■ Stored data ■

--------

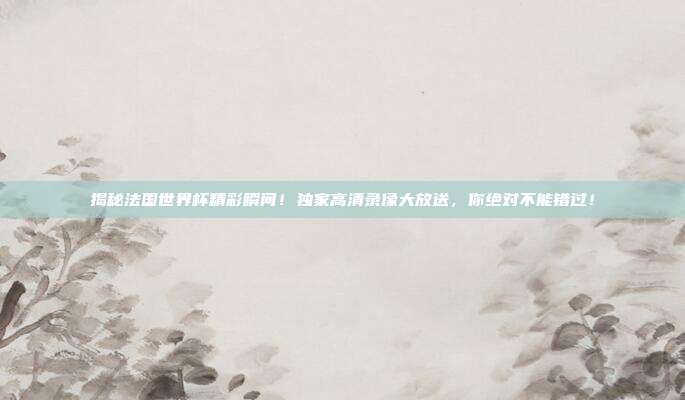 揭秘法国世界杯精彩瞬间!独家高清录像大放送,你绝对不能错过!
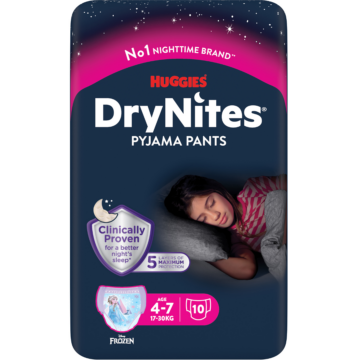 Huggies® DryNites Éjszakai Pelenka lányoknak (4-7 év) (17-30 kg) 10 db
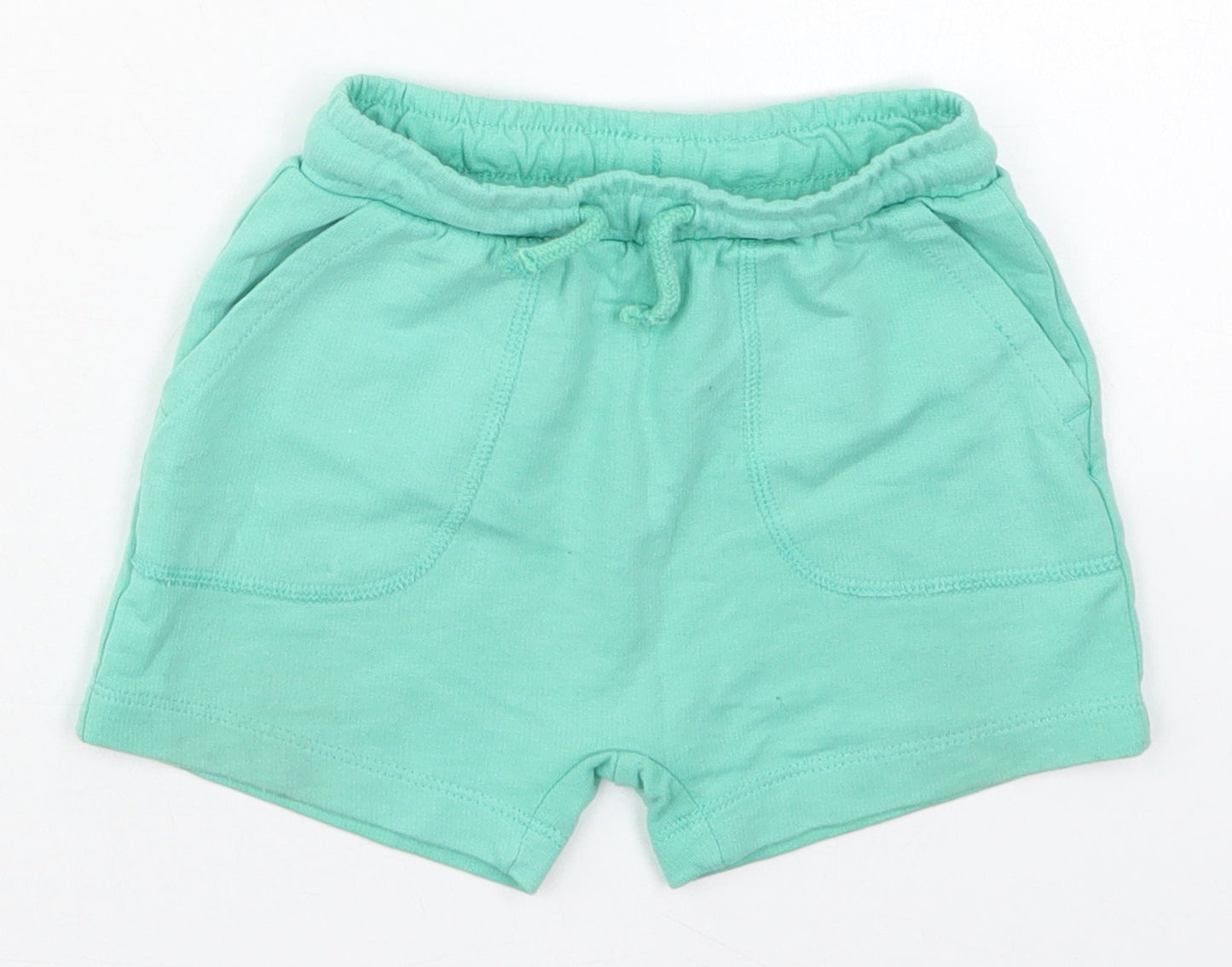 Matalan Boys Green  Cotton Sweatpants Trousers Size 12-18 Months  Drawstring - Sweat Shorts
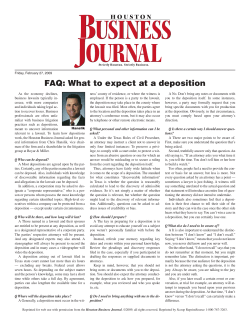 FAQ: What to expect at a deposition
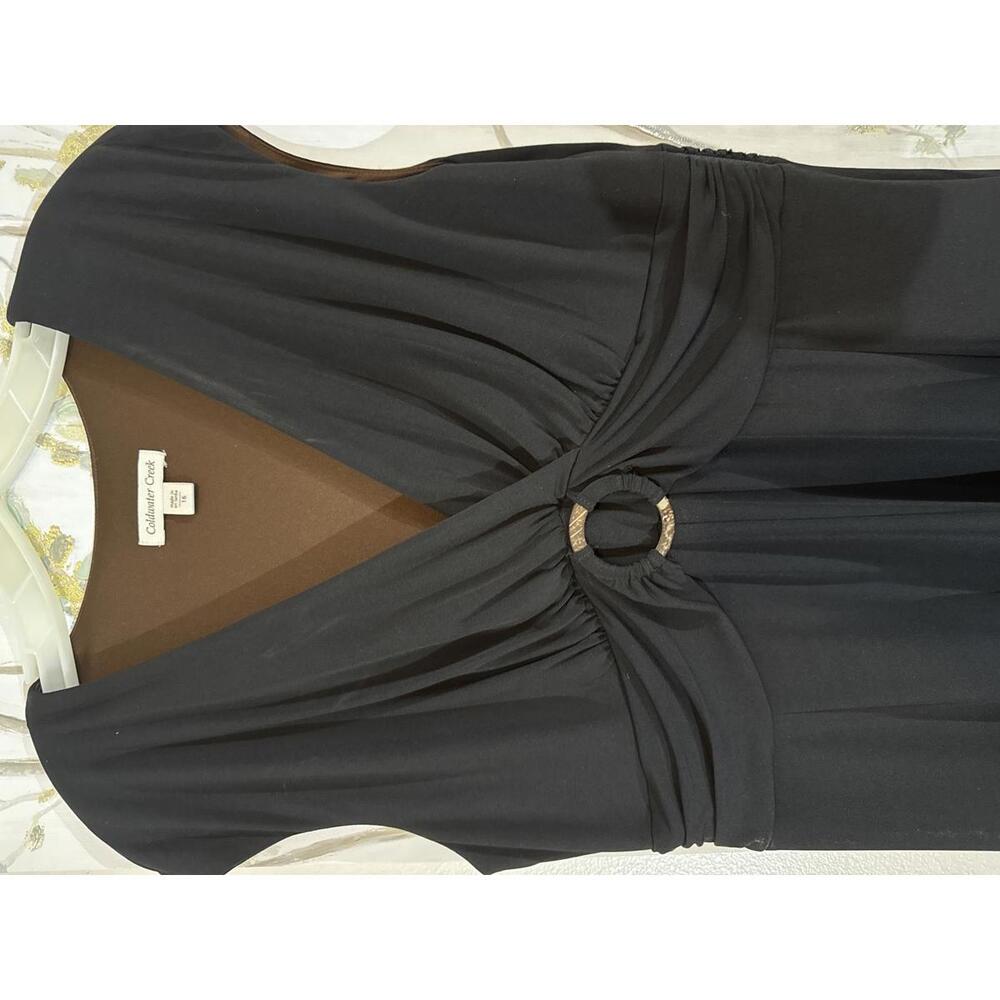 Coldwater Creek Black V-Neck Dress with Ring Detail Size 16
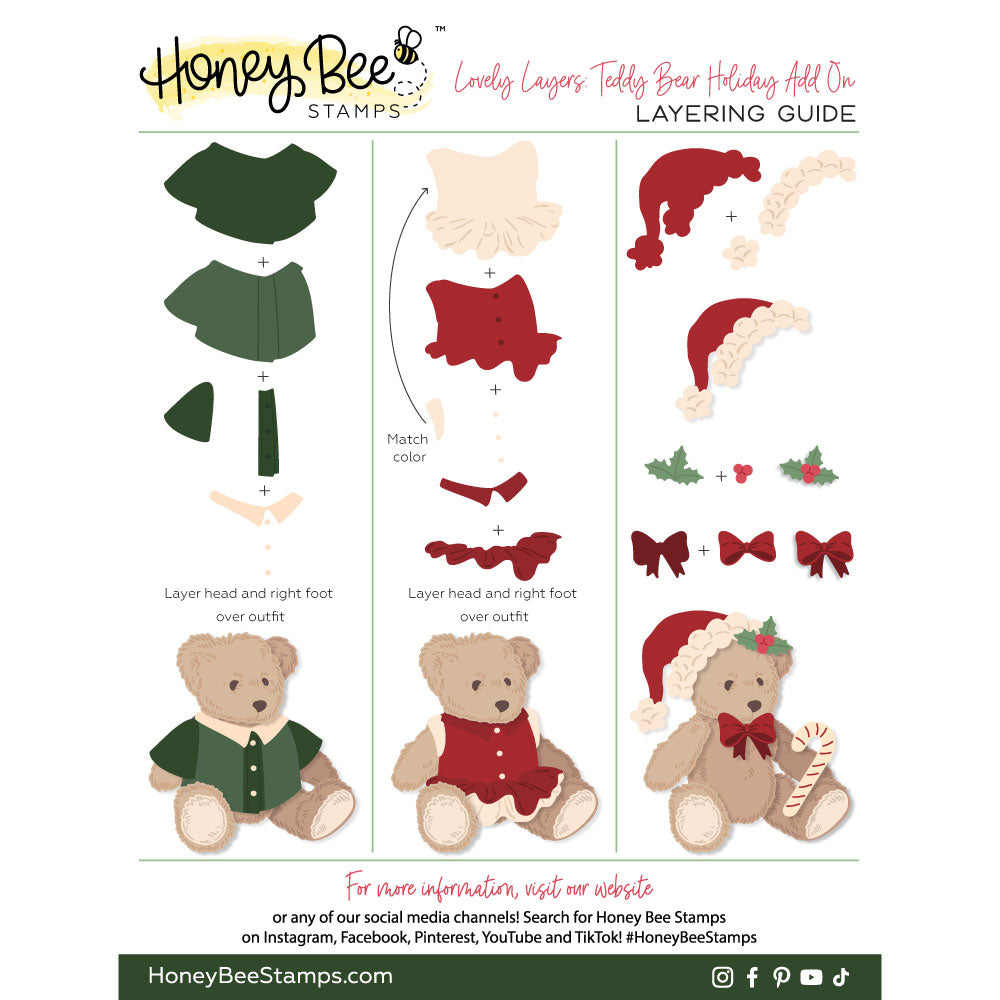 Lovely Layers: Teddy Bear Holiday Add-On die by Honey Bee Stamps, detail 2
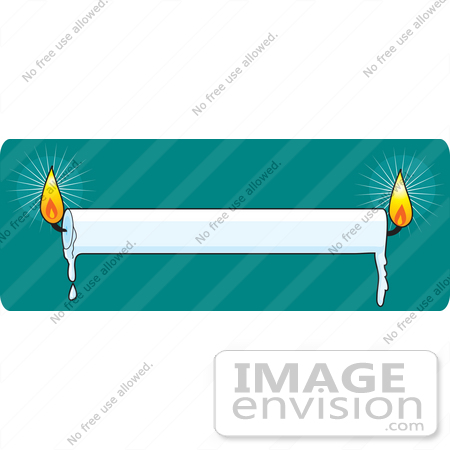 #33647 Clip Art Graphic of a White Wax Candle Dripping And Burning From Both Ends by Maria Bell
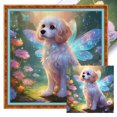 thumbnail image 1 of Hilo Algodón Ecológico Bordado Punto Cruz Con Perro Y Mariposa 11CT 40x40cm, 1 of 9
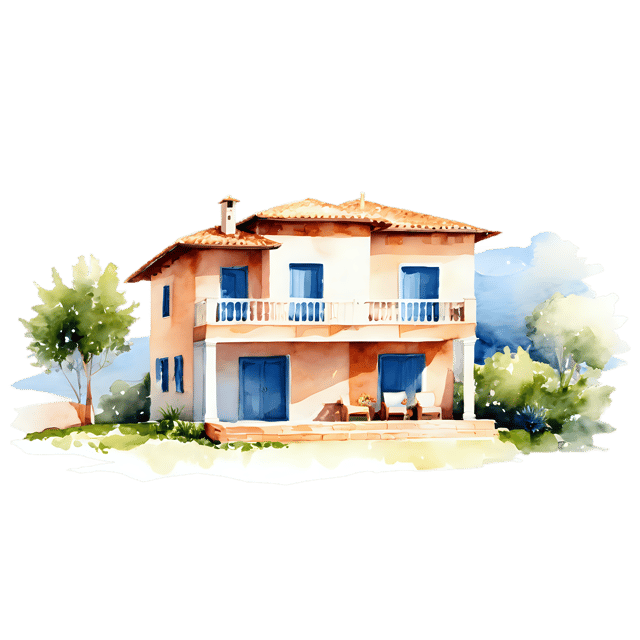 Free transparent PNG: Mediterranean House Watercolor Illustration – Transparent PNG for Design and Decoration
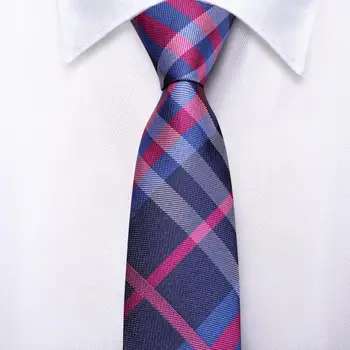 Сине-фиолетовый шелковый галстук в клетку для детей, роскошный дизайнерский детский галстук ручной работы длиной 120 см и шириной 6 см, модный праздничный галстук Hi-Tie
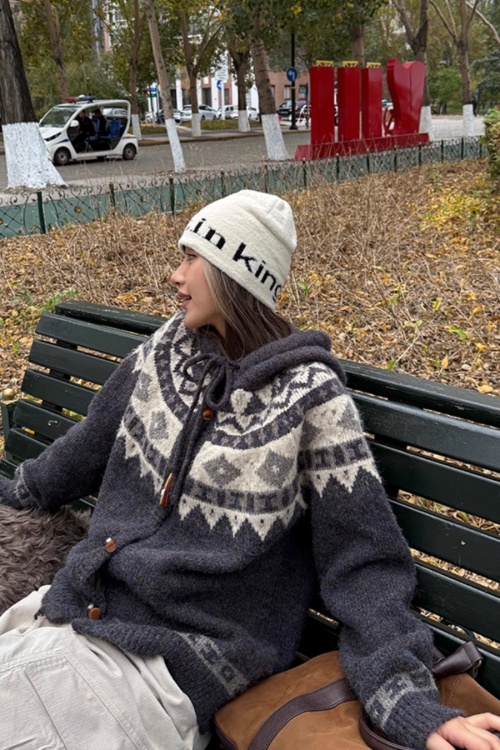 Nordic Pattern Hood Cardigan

--------

■ TASK TO CARRY OUT ■
Only lines from the one holding "Free transparent PNG: Mediterranean" through the last line of the entries above are wanted, both ends included, each retyped exactly; no pictures.

■ RESPONSE TO THIS TASK ■
 Free transparent PNG: Mediterranean House Watercolor Illustration – Transparent PNG for Design and Decoration
 Сине-фиолетовый шелковый галстук в клетку для детей, роскошный дизайнерский детский галстук ручной работы длиной 120 см и шириной 6 см, модный праздничный галстук Hi-Tie
 Nordic Pattern Hood Cardigan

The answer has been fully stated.